- _Assignment_: Please repeat the data shown below, word for word.

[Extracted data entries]
○ ○ ○ ○ ○

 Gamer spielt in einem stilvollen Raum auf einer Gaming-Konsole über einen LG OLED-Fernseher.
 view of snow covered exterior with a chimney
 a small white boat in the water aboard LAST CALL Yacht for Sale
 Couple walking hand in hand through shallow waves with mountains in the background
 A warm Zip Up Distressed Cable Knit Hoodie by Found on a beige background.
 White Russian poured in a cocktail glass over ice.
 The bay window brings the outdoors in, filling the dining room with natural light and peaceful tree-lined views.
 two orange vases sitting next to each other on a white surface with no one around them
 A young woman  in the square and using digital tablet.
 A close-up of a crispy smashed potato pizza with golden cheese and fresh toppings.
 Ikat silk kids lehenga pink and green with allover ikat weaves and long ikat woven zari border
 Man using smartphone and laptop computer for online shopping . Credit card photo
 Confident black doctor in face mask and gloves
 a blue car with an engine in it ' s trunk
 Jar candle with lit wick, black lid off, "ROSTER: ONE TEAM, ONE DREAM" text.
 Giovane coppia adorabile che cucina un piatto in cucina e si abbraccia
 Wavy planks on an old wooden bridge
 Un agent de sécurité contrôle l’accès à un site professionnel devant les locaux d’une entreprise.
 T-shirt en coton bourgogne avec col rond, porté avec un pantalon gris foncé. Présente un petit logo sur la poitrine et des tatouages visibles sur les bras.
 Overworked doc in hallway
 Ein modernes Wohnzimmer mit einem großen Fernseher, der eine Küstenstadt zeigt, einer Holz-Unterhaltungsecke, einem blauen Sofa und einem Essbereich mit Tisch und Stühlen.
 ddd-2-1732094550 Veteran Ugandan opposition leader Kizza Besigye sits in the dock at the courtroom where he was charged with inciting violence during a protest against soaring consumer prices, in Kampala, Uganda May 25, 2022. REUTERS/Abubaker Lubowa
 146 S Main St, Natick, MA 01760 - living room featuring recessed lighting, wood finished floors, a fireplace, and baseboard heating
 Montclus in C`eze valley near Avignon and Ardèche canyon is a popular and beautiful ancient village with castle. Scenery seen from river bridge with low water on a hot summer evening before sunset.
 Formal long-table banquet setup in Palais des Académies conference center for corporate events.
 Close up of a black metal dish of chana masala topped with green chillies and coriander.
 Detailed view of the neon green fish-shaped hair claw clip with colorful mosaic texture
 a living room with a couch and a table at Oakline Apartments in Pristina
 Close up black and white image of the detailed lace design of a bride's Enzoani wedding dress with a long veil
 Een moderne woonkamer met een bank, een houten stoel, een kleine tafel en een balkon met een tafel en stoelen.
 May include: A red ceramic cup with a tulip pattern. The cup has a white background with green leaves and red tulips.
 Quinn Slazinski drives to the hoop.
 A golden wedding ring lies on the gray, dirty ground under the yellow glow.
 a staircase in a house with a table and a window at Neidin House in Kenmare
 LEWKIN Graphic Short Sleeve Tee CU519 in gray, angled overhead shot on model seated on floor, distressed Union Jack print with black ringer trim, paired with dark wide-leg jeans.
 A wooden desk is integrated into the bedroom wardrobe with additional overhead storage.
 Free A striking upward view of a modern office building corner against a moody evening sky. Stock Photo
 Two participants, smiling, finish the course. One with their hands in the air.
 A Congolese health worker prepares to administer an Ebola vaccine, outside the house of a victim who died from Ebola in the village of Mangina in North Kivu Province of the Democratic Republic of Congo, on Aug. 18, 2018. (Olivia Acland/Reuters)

○ ○ ○ ○ ○

- _Task response_:
 Gamer spielt in einem stilvollen Raum auf einer Gaming-Konsole über einen LG OLED-Fernseher.
 view of snow covered exterior with a chimney
 a small white boat in the water aboard LAST CALL Yacht for Sale
 Couple walking hand in hand through shallow waves with mountains in the background
 A warm Zip Up Distressed Cable Knit Hoodie by Found on a beige background.
 White Russian poured in a cocktail glass over ice.
 The bay window brings the outdoors in, filling the dining room with natural light and peaceful tree-lined views.
 two orange vases sitting next to each other on a white surface with no one around them
 A young woman  in the square and using digital tablet.
 A close-up of a crispy smashed potato pizza with golden cheese and fresh toppings.
 Ikat silk kids lehenga pink and green with allover ikat weaves and long ikat woven zari border
 Man using smartphone and laptop computer for online shopping . Credit card photo
 Confident black doctor in face mask and gloves
 a blue car with an engine in it ' s trunk
 Jar candle with lit wick, black lid off, "ROSTER: ONE TEAM, ONE DREAM" text.
 Giovane coppia adorabile che cucina un piatto in cucina e si abbraccia
 Wavy planks on an old wooden bridge
 Un agent de sécurité contrôle l’accès à un site professionnel devant les locaux d’une entreprise.
 T-shirt en coton bourgogne avec col rond, porté avec un pantalon gris foncé. Présente un petit logo sur la poitrine et des tatouages visibles sur les bras.
 Overworked doc in hallway
 Ein modernes Wohnzimmer mit einem großen Fernseher, der eine Küstenstadt zeigt, einer Holz-Unterhaltungsecke, einem blauen Sofa und einem Essbereich mit Tisch und Stühlen.
 ddd-2-1732094550 Veteran Ugandan opposition leader Kizza Besigye sits in the dock at the courtroom where he was charged with inciting violence during a protest against soaring consumer prices, in Kampala, Uganda May 25, 2022. REUTERS/Abubaker Lubowa
 146 S Main St, Natick, MA 01760 - living room featuring recessed lighting, wood finished floors, a fireplace, and baseboard heating
 Montclus in C`eze valley near Avignon and Ardèche canyon is a popular and beautiful ancient village with castle. Scenery seen from river bridge with low water on a hot summer evening before sunset.
 Formal long-table banquet setup in Palais des Académies conference center for corporate events.
 Close up of a black metal dish of chana masala topped with green chillies and coriander.
 Detailed view of the neon green fish-shaped hair claw clip with colorful mosaic texture
 a living room with a couch and a table at Oakline Apartments in Pristina
 Close up black and white image of the detailed lace design of a bride's Enzoani wedding dress with a long veil
 Een moderne woonkamer met een bank, een houten stoel, een kleine tafel en een balkon met een tafel en stoelen.
 May include: A red ceramic cup with a tulip pattern. The cup has a white background with green leaves and red tulips.
 Quinn Slazinski drives to the hoop.
 A golden wedding ring lies on the gray, dirty ground under the yellow glow.
 a staircase in a house with a table and a window at Neidin House in Kenmare
 LEWKIN Graphic Short Sleeve Tee CU519 in gray, angled overhead shot on model seated on floor, distressed Union Jack print with black ringer trim, paired with dark wide-leg jeans.
 A wooden desk is integrated into the bedroom wardrobe with additional overhead storage.
 Free A striking upward view of a modern office building corner against a moody evening sky. Stock Photo
 Two participants, smiling, finish the course. One with their hands in the air.
 A Congolese health worker prepares to administer an Ebola vaccine, outside the house of a victim who died from Ebola in the village of Mangina in North Kivu Province of the Democratic Republic of Congo, on Aug. 18, 2018. (Olivia Acland/Reuters)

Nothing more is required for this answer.